At E12.5, s-α-actinin and tropomyosin (sarcomere thin filament protein) immunofluorescence revealed a staining pattern with regular periodicity in trabecular cardiomyocytes consistent with mature myofibrils in these cells (Figures 4A and 5A for s-α-actinin; Figure 4B for tropomyosin). N-cadherin staining in trabecular cardiomyocytes at E12.5 hearts tended to colocalize with areas of intense s-α-actinin staining (Figure 5B-D and Figure 6A-C) possibly representing intercalated discs. In contrast to trabecular myocytes, s-α-actinin in the compact zone was more punctate than linear, and tropomyosin staining was diffuse rather than linear (Figure 4A and 4B). Thus, sarcomere assembly may occur later in compact compared to trabecular myocardium. Furthermore, differential patterns of s-α-actinin and tropomyosin in the compact zone suggest that s-α-actinin organizes into puncta and immature Z-discs early, while tropomyosin incorporation into the thin filament may be a later event in myofibril assembly.
Figure 7, Movie 1, and Movie 2 demonstrate typical results from a PFA-fixed E12.5 embryonic heart. In these examples, a LifeAct-RFPruby transgenic embryo was used for imaging; the LifeAct-RFPruby transgene19 labels filamentous actin but requires PFA fixation. Z-discs labeled with s-α-actinin were easy to visualize in most areas, but the signal-to-noise ratio was decreased compared to snap-frozen heart sections (Figure 7A); this signal was typical for s-α-actinin immunofluorescence in PFA-fixed tissue, in which epitopes may be masked by protein cross-links. Figure 7B shows co-visualization of filamentous actin and immunolabeled s-α-actinin within myofibrils (arrowheads) and filamentous actin within endocardial cells adjacent to trabecular myocytes (arrows). Three-dimensional image reconstruction revealed additional details: individual cardiomyocytes were more easily discerned, myofibrils within a cardiomyocyte were roughly parallel to one another, but individual cardiomyocytes were oriented at varying angles to one another (Figure 7C and D, Movie 1, and Movie 2). The close approximation between endocardial cells and cardiomyocytes was better appreciated in the three-dimensional views as well.

Figure 1. Cardiomyocyte sarcomeres, intercalated discs, and costameres. The Z-disc anchors actin filaments, while the M line anchors myosin fibers, which overlap the actin filaments. The sarcomere comprises one Z-disc – M line – Z-disc unit. Multiple sarcomeres in series create a myofibril. The lateral end of the myofibril inserts into the transverse border of the cardiomyocyte at a specialized cell-cell junctional structure called the intercalated disc. Peripheral myofibrils connect to the longitudinal cardiomyocyte plasma membrane via costameres, which form focal adhesions with the extracellular matrix between cardiomyocytes. Please click here to view a larger version of this figure.

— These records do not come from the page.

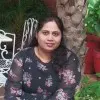 Sadhana Dwivedi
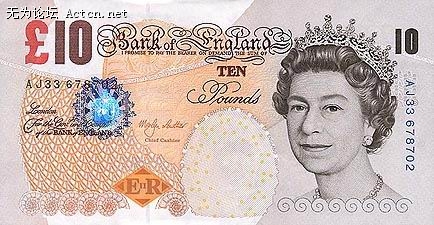 212211.jpg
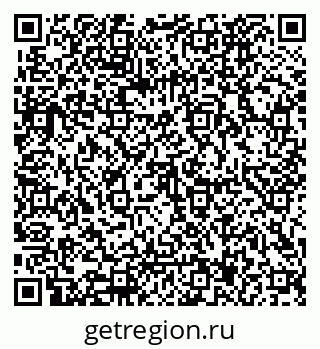 79062027234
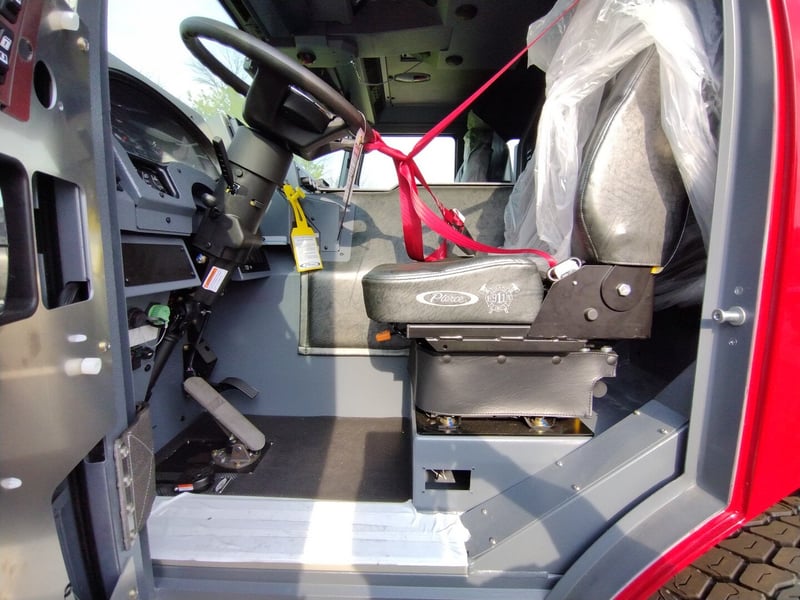 MacQueen A 676 jpg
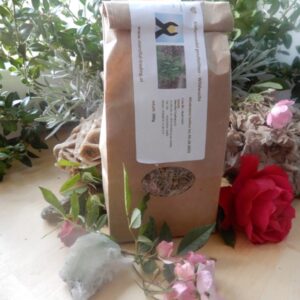 Kiefernnadel 200g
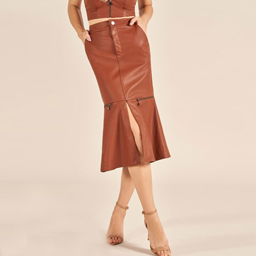 Imagem por categoria Saias
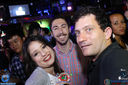 IMG_6277.jpg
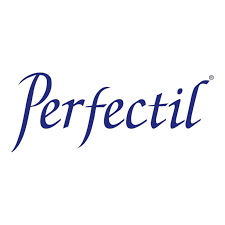 Perfectil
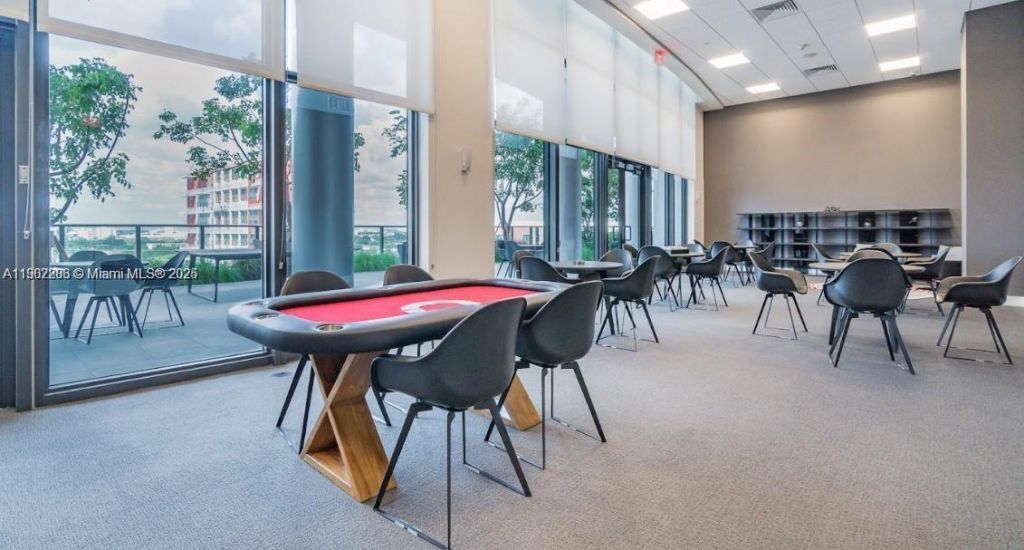 1600 NE 1st Ave, Unit 1916, Miami, FL 33132 Photo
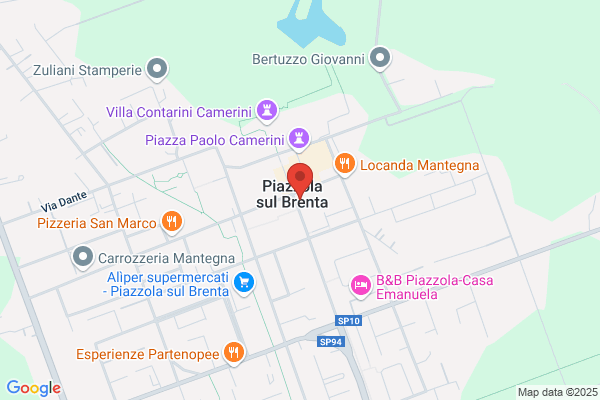 Municipio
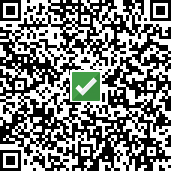 Healthcare Providers Similar to 1588231609 NPI Number | NPI Registry | www.DataLabs.Health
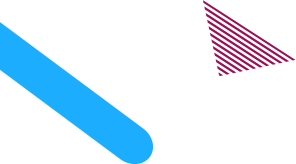 counter-shape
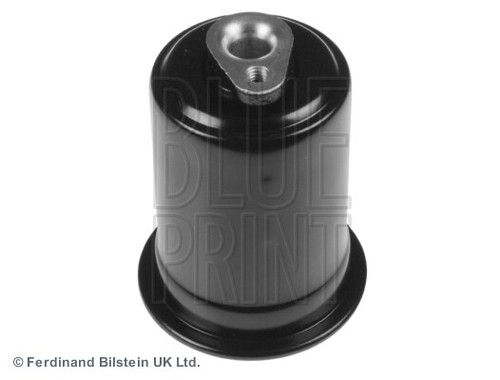 BLUE PRINT de Combustible para Hyundai Coupe Rd 2.0 16V 1.6i Lantra II J-2 1.6 - Imagen 2 de 2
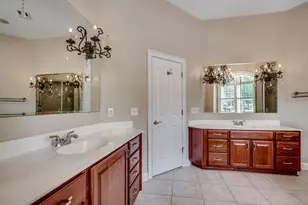 5304 Pheasant Dr, North Myrtle Beach, SC 29582 - Photo 20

Figure 2. s-α-actinin and β catenin immunofluorescence at embryonic day 16.5. The heart was excised, snap frozen, cryosectioned, acetone-fixed, and immunostained using (A) mouse monoclonal clone EA53 antibody against s-α-actinin, which labeled cardiomyocyte Z-disc and intercalated discs, and (B) rabbit polycloncal antibody against the adherens junction protein β catenin. (C) Merged images show s-α-actinin and β catenin staining. (D) Magnified area of interest from panel C; asterisks mark presumed intercalated discs with co-localization of s-α-actinin and β catenin. Images were obtained from the peripheral left ventricular wall or compact myocardium, with the epicardial layer at the upper left of panels A-C. Intensity histogram display range 460-1600 (out of possible 0-65535) for both the s-α-actinin/488 nm and β catenin/561 nm laser channels. Scale bar 10 µm. Please click here to view a larger version of this figure.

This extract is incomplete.